### Work request
At the line with "design...maroon front model", start transcribing; stop after the last line of the data below. Keep it exact and leave pictures out.
*** Opening of Dataset section ***
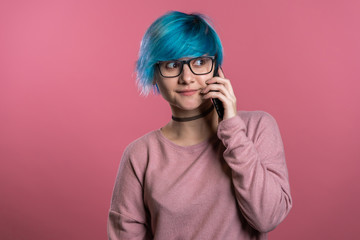 Woman with blue hair talking with somebody by mobile phone. Girl smiling, having pleasant conversation. Technology, mobile connection concept.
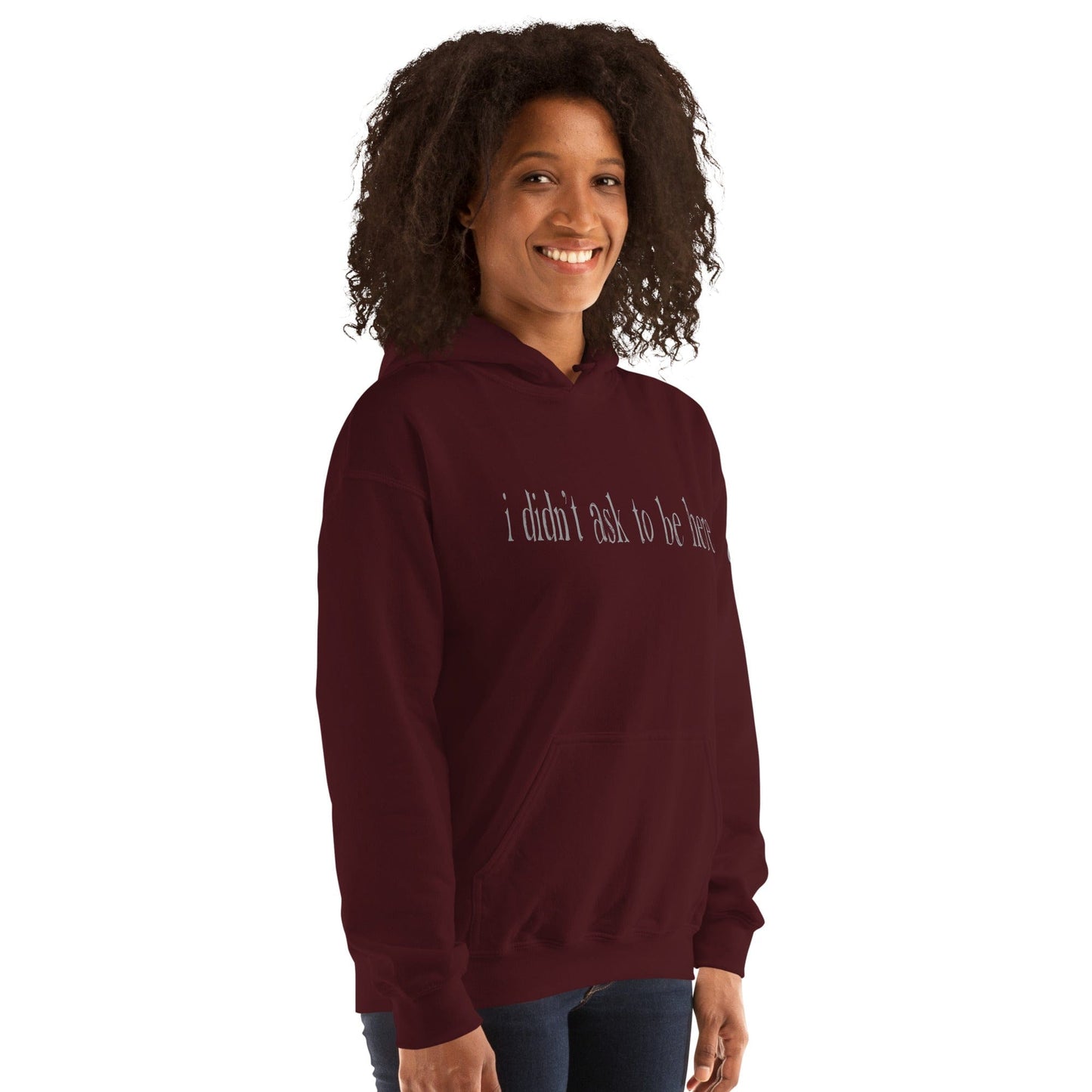 Hoodie with “I didn’t ask to be here” text minimalist introvert clothing design...maroon front model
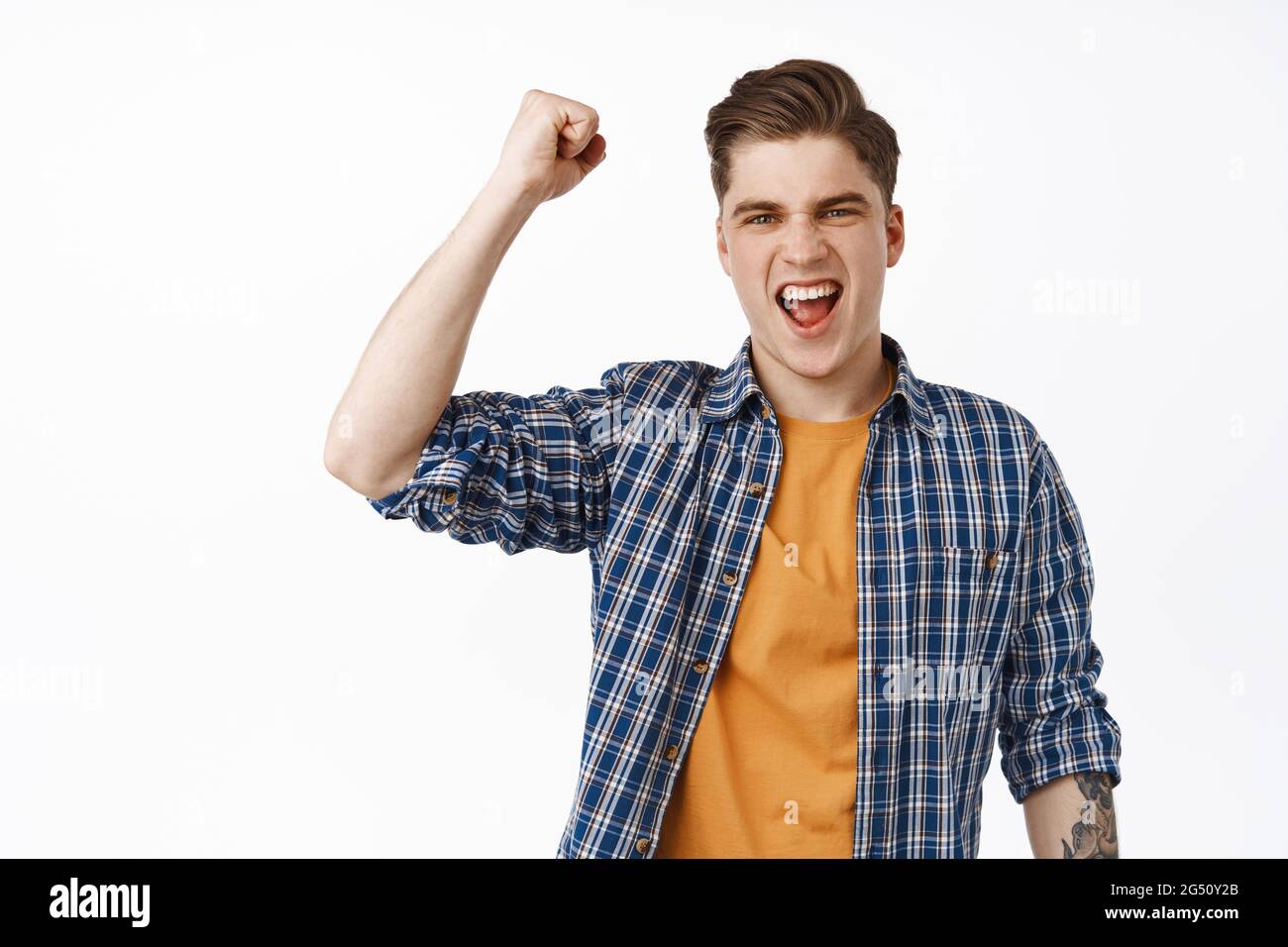 Fierce and excited young man chanting, fist pump and yelling, watching ...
*** Close of Dataset section ***
### Finished exercise
 Hoodie with “I didn’t ask to be here” text minimalist introvert clothing design...maroon front model
 Fierce and excited young man chanting, fist pump and yelling, watching ...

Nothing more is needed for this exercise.